La genetica arriva in soccorso dei viticoltori. Con i vitigni resistenti le piante sono immuni da peronospora e oidio. AgroNotizie ha intervistato Eugenio Sartori, direttore generale dei Vivai cooperativi Rauscedo.

Sartori, che cos'è un vitigno resistente?
“E' un vitigno ottenuto attraverso ibridazione. Si incrocia una varietà di vinifera, come può essere il Sangiovese o il Cabernet, con un vitigno che è nato a sua volta da ibridazione e che ha nel suo Dna dei geni che sono interessanti per l'agricoltore”.

Interessanti in che senso?
“Possono ad esempio rendere una pianta meno sensibile agli stress idrici o ai cambiamenti climatici. Principalmente cerchiamo di rendere i vitigni resistenti alla peronospora e allo oidio, che sono le due malattie più temute dai viticoltori”.

Come funziona la creazione di questi vitigni resistenti?
“Dall'incrocio descritto prima si ottengono numerose piante, alcune delle quali sono resistenti. Dobbiamo quindi fare un lavoro di screening per capire quali viti sono portatrici dei geni resistenti e quali no. Ma dobbiamo anche selezionare quelle piante che diano dei risultati positivi dal punto di vista agronomico ed enologico”.

In che senso?
“Il vitigno resistente deve avere un legame dal punto di vista enologico con il suo parentale. Se io utilizzo un Sauvignon come genitore devo poi tenere in considerazione solo quegli incroci che siano sì resistenti, ma che ricordino anche il Sauvignon dal punto di vista organolettico”.
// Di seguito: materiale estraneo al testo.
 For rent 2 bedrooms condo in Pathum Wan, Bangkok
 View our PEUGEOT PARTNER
I vitigni resistenti sono già disponibili sul mercato?
“Certamente. Per il Veneto ed il Friuli, che hanno autorizzato la coltivazione, noi possiamo fornire le piantine. Abbiamo un catalogo di vitigni tra i quali scegliere quello che meglio si adatta alle condizioni pedoclimatiche del luogo”.

Quale può essere il risparmio dal punto di vista economico per un agricoltore che impianta un vitigno resistente?
“Nel Nord-Est si fanno tredici trattamenti all'anno contro la peronospora e l'oidio. Il costo unitario dei soli prodotti utilizzati è di circa 45 euro, senza contare manodopera e macchinari. In un anno il risparmio è consistente: superiore ai mille euro. Ma non è tutto”.

In che senso?
“Ci sono ricadute positive anche sull'ambiente, visto che si utilizzano meno prodotti. E anche il terreno nell'interfila ne risente positivamente. Se si è in una zona collinare, in cui si deve inerbire, non entrare con il trattore ha il grande vantaggio di lasciare un cotico erboso più forte”.
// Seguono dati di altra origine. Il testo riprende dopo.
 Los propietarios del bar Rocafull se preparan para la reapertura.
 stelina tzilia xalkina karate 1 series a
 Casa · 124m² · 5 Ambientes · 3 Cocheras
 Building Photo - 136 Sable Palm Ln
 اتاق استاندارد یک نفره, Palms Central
A livello legislativo bisogna chiedere autorizzazioni speciali?
“Ogni Regione dovrebbe fare delle prove in campo prima di dare l'autorizzazione all'impianto. Ma una Regione può anche validare i test fatti in un'altra Regione e quindi autorizzare la coltivazione. E' chiaro che se ogni amministrazione vuole fare tutte le prove i tempi si allungano”.
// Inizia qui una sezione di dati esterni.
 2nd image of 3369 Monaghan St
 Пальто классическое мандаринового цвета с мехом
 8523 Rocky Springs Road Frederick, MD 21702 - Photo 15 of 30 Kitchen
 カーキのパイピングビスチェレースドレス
Il miglioramento genetico viene fatto solo attraverso l'incrocio o anche attraverso la cisgenesi e il genome editing?
“Per adesso viene fatto attraverso l'incrocio. E' possibile farlo anche attraverso le altre tecniche, ma richiede più tempo. Con la cisgenesi ad esempio riusciamo ad introdurre nelle cellule di una vite solo i geni che sono interessanti, ma poi c'è tutta una fase di ottenimento della plantula del nuovo vitigno, che richiede tempo. A questo processo si aggiungono anche le prove in campo, dove bisogna aspettare che le viti perdano la fase giovanile. Ci vogliono 12-13 anni, non meno”.